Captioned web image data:
== Segment start ==
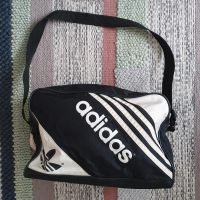 Adidas Tasche Umhängetasche Vintage 90er Jahre Retro 90s Hannover - Linden-Limmer Vorschau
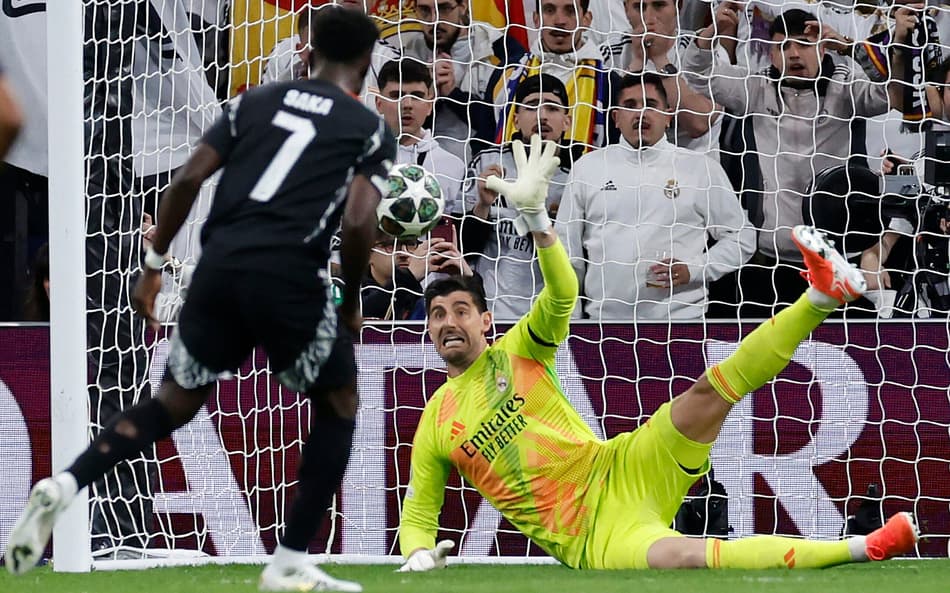 Web enlouquece com atitude de Saka em Real Madrid x Arsenal: ‘Pipoqueiro’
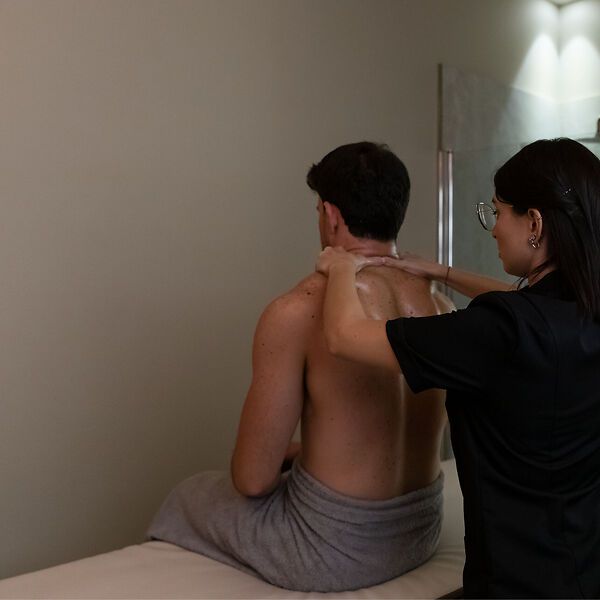 Massaggio decontratturante schiena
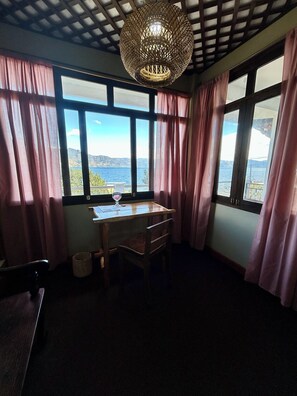 Habitación Deluxe doble, vistas al lago | Interior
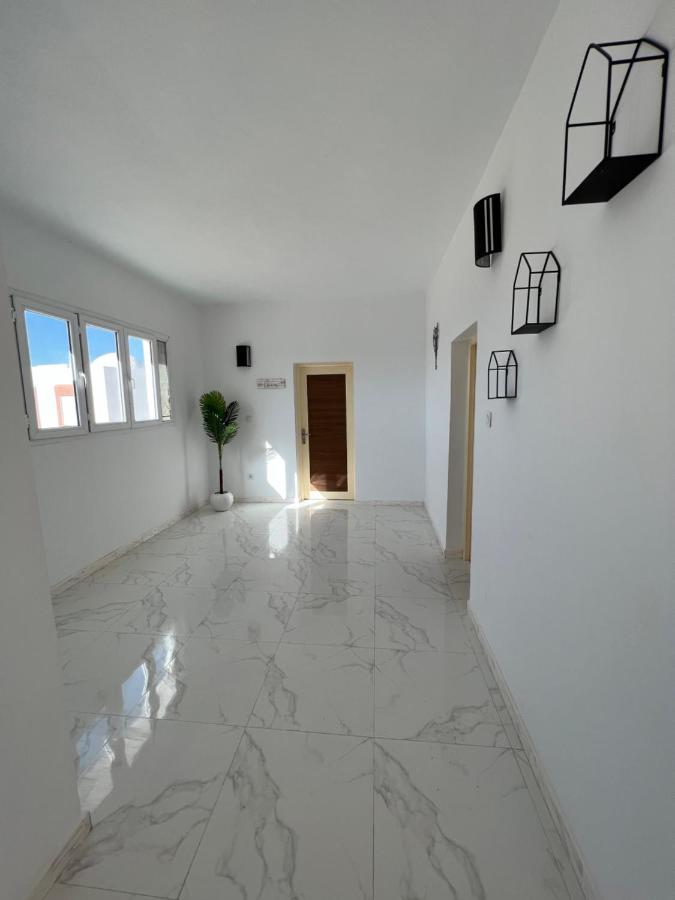 Magnifique Villa Avec Piscine Sur L'Ile De Djerba 乌姆苏克 外观 照片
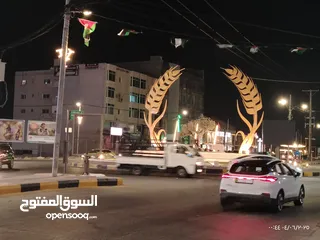  13 مخزنين عدد 2 للايجار بقرب من مجمع عمان وشارع اربد الحصن ودوار اليوسفي وقهوة هيبرد حلويات ميدان شامي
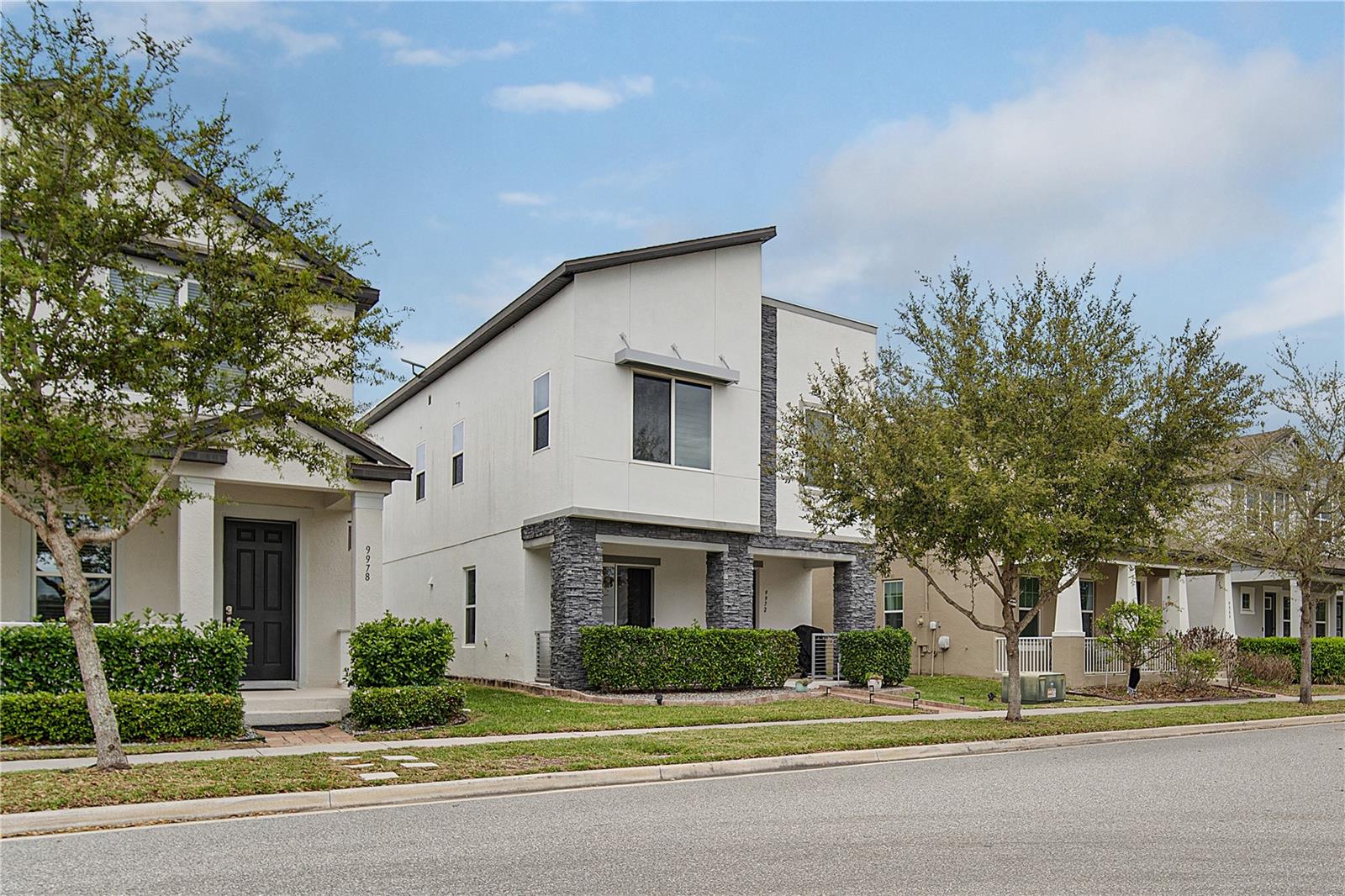 Photo of 9972 PALLIDA HICKORY WAY WINTER GARDEN FL 34787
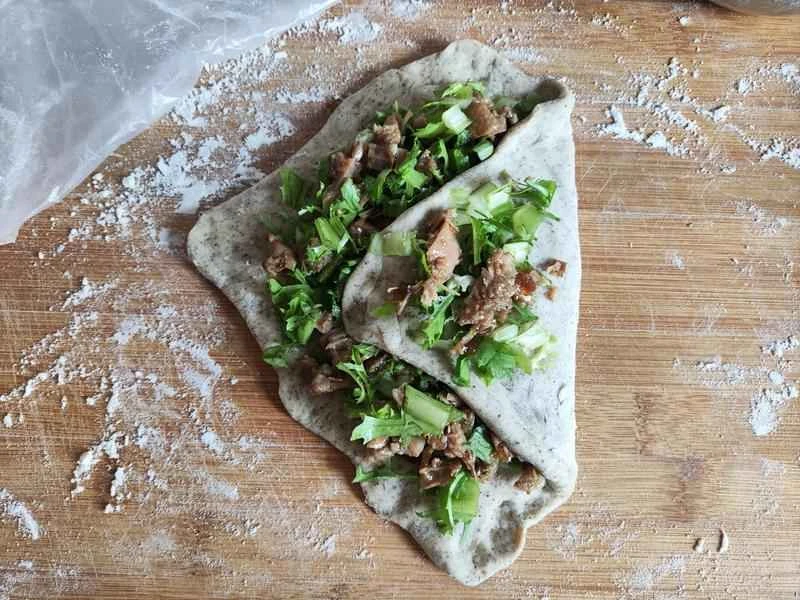 How to make pure milk hand-torn toast: Step 1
== Segment end ==
TASK DESCRIPTION:
Every line from the one with "Web enlouquece com" through the last line of the data must be copied exactly. Leave the pictures out.

OUTPUT:
 Web enlouquece com atitude de Saka em Real Madrid x Arsenal: ‘Pipoqueiro’
 Massaggio decontratturante schiena
 Habitación Deluxe doble, vistas al lago | Interior
 Magnifique Villa Avec Piscine Sur L'Ile De Djerba 乌姆苏克 外观 照片
  13 مخزنين عدد 2 للايجار بقرب من مجمع عمان وشارع اربد الحصن ودوار اليوسفي وقهوة هيبرد حلويات ميدان شامي
 Photo of 9972 PALLIDA HICKORY WAY WINTER GARDEN FL 34787
 How to make pure milk hand-torn toast: Step 1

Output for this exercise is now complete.